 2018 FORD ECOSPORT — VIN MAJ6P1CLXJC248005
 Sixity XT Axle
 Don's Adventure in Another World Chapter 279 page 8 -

============

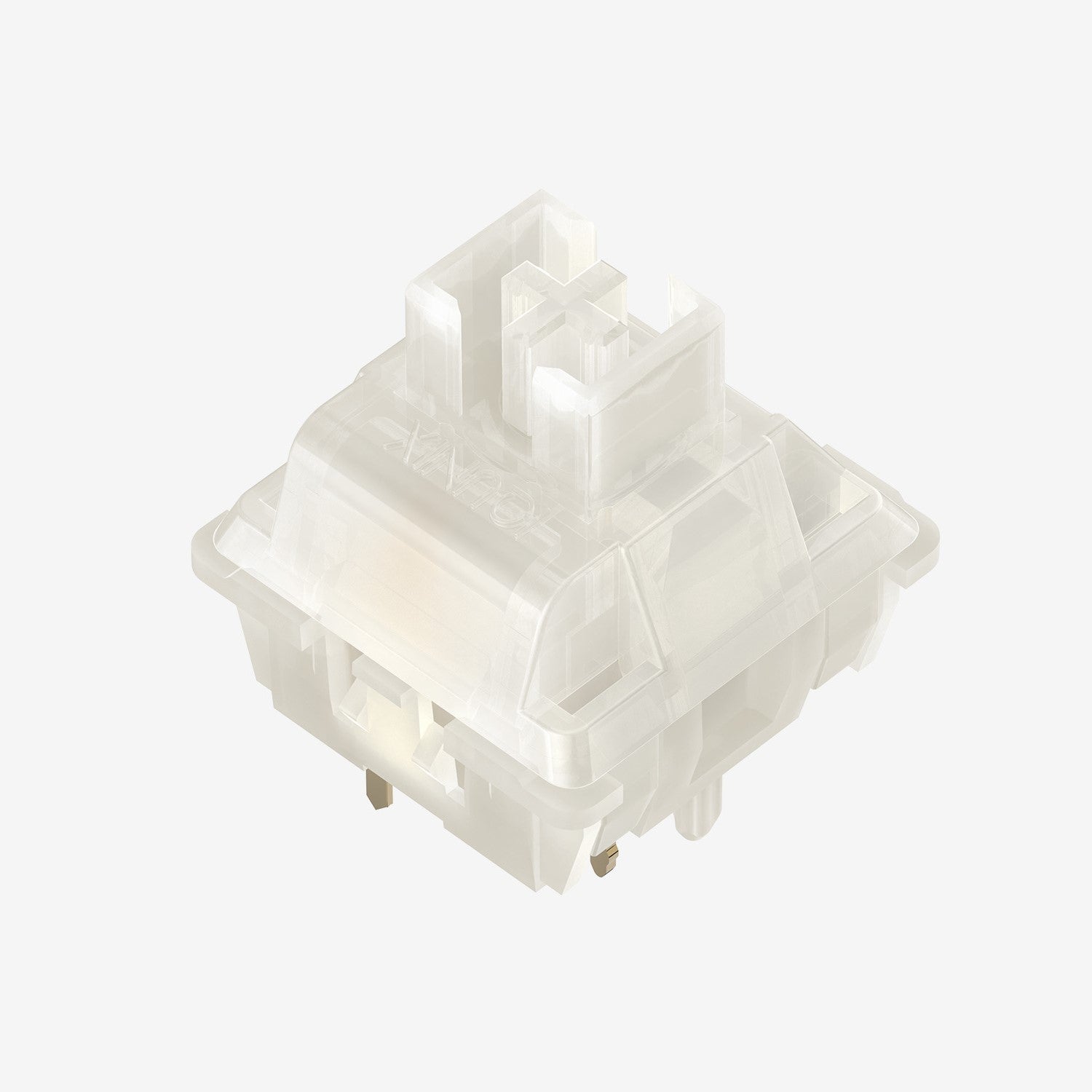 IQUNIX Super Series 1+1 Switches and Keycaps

============

■ Description of the task ■
Find the line with "2018 FORD ECOSPORT — VIN MAJ6P1CLXJC248005" in the material above. Reproduce it and each line after it up to and including the line with "Don's Adventure in".

■ Task response ■
 2018 FORD ECOSPORT — VIN MAJ6P1CLXJC248005
 Sixity XT Axle
 Don's Adventure in Another World Chapter 279 page 8 -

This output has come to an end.